J.A. Graves My Seventy Years in California, Los Angeles: The Times-Mirror Press, 1927, 478 pp. 

[p. 275] Chapter XXXIV People Vs. Wong Chew Shut

     I never had much experience with criminal cases.  One, that of Wong Chew Shut, satisfied me . . .

     . . .

     [p. 279] Two other cases, those of the People vs. Waller and the People vs. Parker, were both tried by Brunson and Eastman, the first in the latter part of January, 1878, and the latter in March of the same year, and are worth mentioning. 
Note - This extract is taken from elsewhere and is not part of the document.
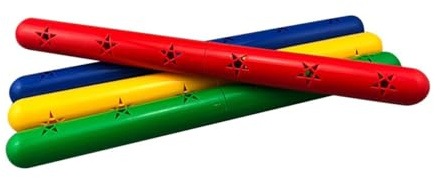 Supvox Gymnastikstab Kinder 3 Stück Staffellaufstab 25cm Leichtes Langlebiges Material Leuchtende Farben Für Staffelläufe Und Rennen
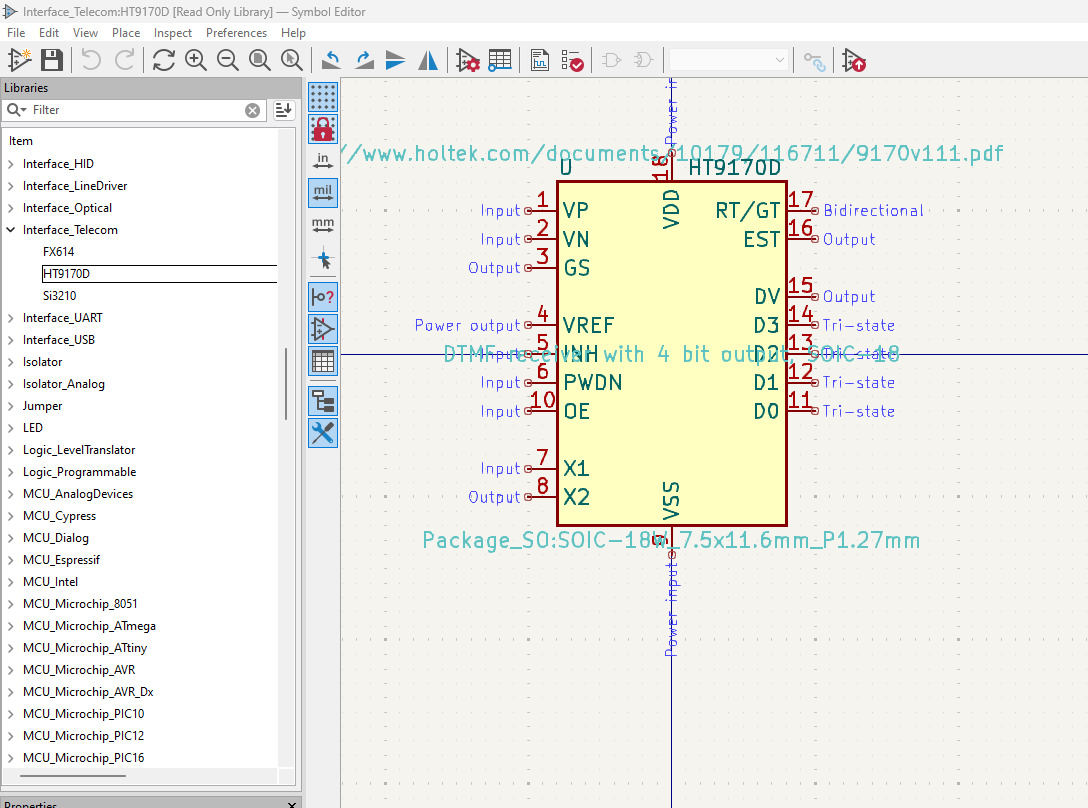 Symbol Libraries KiCad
     Baker and Jones owned all the land at Santa Monica, down to low-water mark. People were continually squatting upon this land. Wallace was the keeper of the company’s bath-house. A carpenter, named Fonck, an excitable German, started to erect a bath-house just north of the company’s bath-house, for Mrs. Doria Jones, of this city. Waller, who, at this time, was standing on the porch of the bath-house, ordered Fonck off. Fonck threatened Waller with his hammer and swore at him vigorously.  A son of Waller’s, who was shooting sandpipers on the beach with a muzzle-loading shotgun, loaded with pieces of lead-pipe, cut into slugs, instead of shot, was passing. Waller called to him and he passed the gun to his father. Fonck was still abusing Waller and threatening him with the hammer. Waller cocked the gun. He had had a felon on his thumb and had lost the bone in the last joint of it. As Fonck had quieted down and agreed to remove the timber from the lot, Waller attempted to let down the hammer of the gun. His thumb, minus the bone in the last joint, would not hold the hammer. The gun was discharged, hitting Fonck in the ankle and breaking the bone. His companions carried him up the bluff, to a grocery store. A sack of meal was cut [p. 280] open, the bleeding ankle thrust into it and more meal poured over it, while a man hustled off on horseback to Los Angeles, to get Dr. Joseph Kurtz. Necessarily, some hours elapsed before the doctor arrived. In the meantime, the meal had stopped the flow of blood and Fonck was resting comfortably. All hands, including the injured man, drank considerable beer. After a time some one suggested that they hose off the meal and see how the leg was getting along. They carried Fonck to a grass-plot, turned the hose on the injured limb, a severe hemorrhage set in, and just before Dr. Kurtz arrived, Fronck died from loss of blood. 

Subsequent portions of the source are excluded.